Looking ahead to larger volumes of data being collected at faster rates, the Zooniverse team is focusing on machine learning. Even with crowdsourcing, humans won’t be able to handle the data from, for example, the Large Synoptic Survey Telescope, which every night will generate terabytes of data and send several billion alerts to other telescopes for follow-up observations.
Between a rock and a penguin
An early, ongoing foray into machine learning on the Penguin Watch project involves feeding the crowd-sourced findings back to computers to train them to distinguish penguins from rocks. Another example in the works involves data from the Laser Interferometer Gravitational-Wave Observatory. Even when the upgraded LIGO experiment reaches full sensitivity (see Physics Today, September 2015, page 20), a true signal is predicted to occur only about once a month, whereas glitches—signals from anomalous sources—are expected to be picked up hundreds of times a day. A lot can be vetoed by computers, says LIGO scientist Shane Larson of the Adler Planetarium and Northwestern University, “but there is a gray area, where the computer can’t determine if something is signal or noise.”
That’s where the Zooniverse comes in. “We are building a circular pathway from data to citizens to see if they can help classify the glitches,” says Larson. Starting later this year, the results from volunteers will be fed back to computers to try to teach them to recognize patterns as effectively as people. To protect the LIGO team’s dibs on discovery, data for the Zooniverse project will not be time-stamped, and volunteers will see a given signal from only one of LIGO’s two interferometers; data from both are necessary to identify an actual gravitational wave.
For more general application, the University of Minnesota’s Fortson and colleagues aim to train computers by having them work on the same data at the same time as humans do.

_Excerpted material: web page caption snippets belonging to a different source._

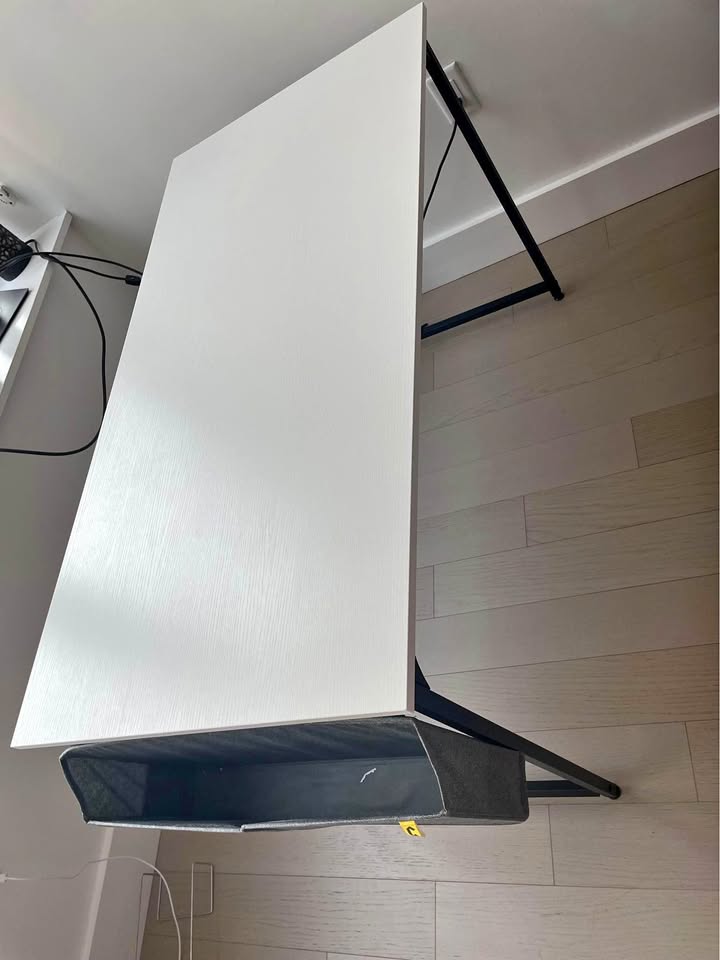 White Desk - iron strut - 23.6"D x 47"W x 30"H - headset holder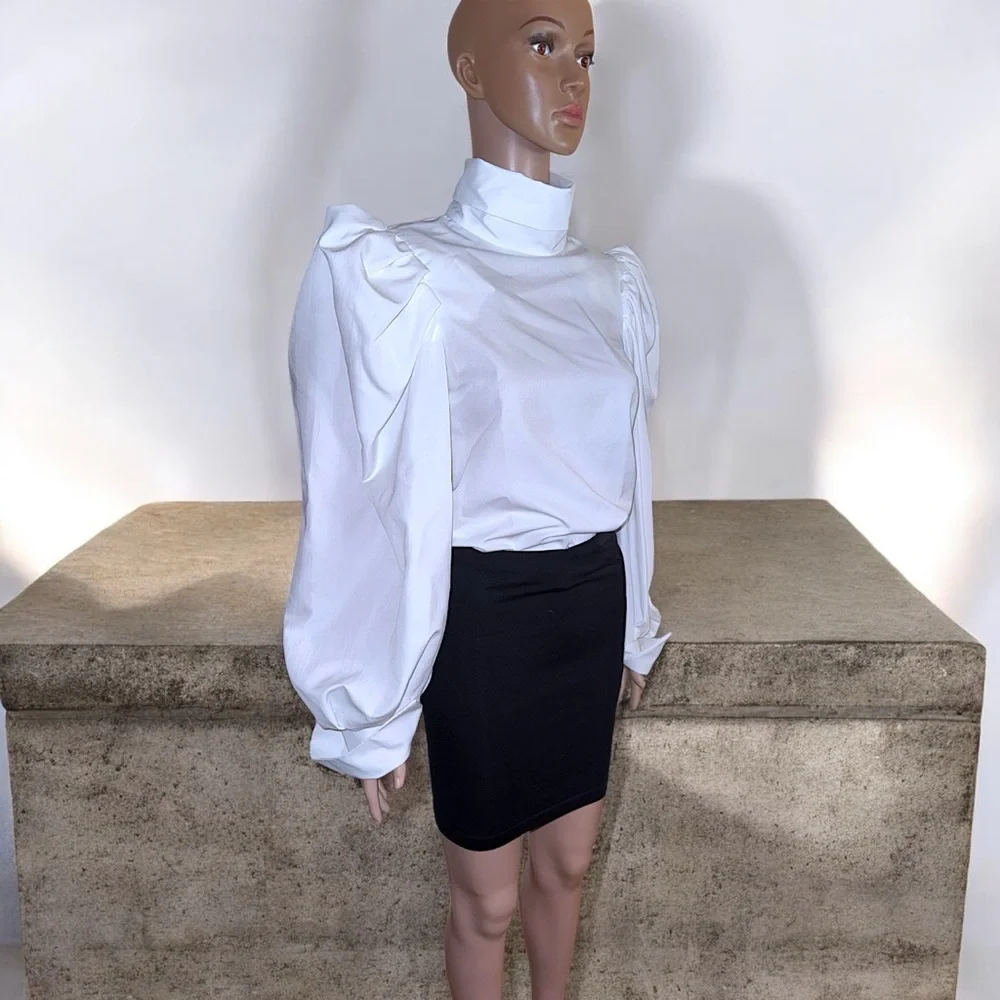 Swank A Posh “Jury’s Out Power Shoulder Top” - Picture 8 of 16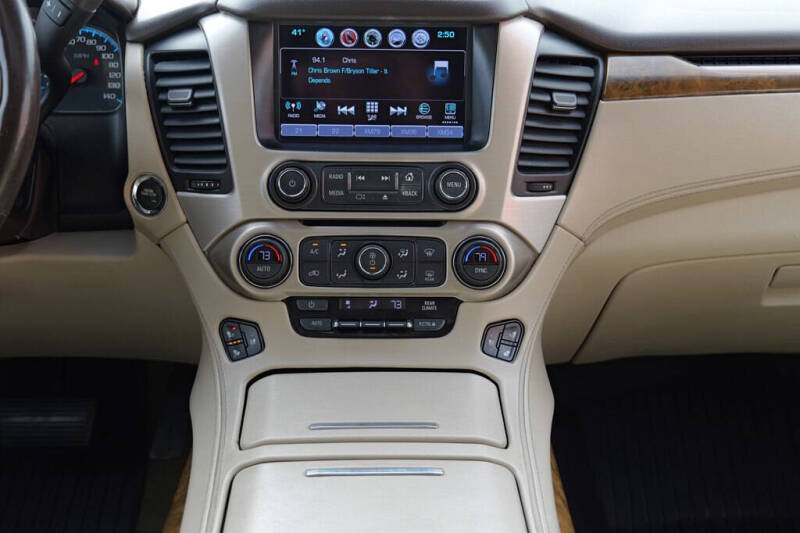 2017 GMC Yukon XL Denali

A key example, she says, is identifying new classes of objects, “which humans are really good at, but where machines fail.” By having humans and computers pass data back and forth, the machine training will be faster, she says, and computers will be able to handle more types of data.
The goal is for computers to learn which tasks should be done by humans and which by computers, says Laura Trouille, Adler Planetarium’s head of citizen science and Zooniverse codirector. “Only in combination do we have a chance of optimizing data analysis.”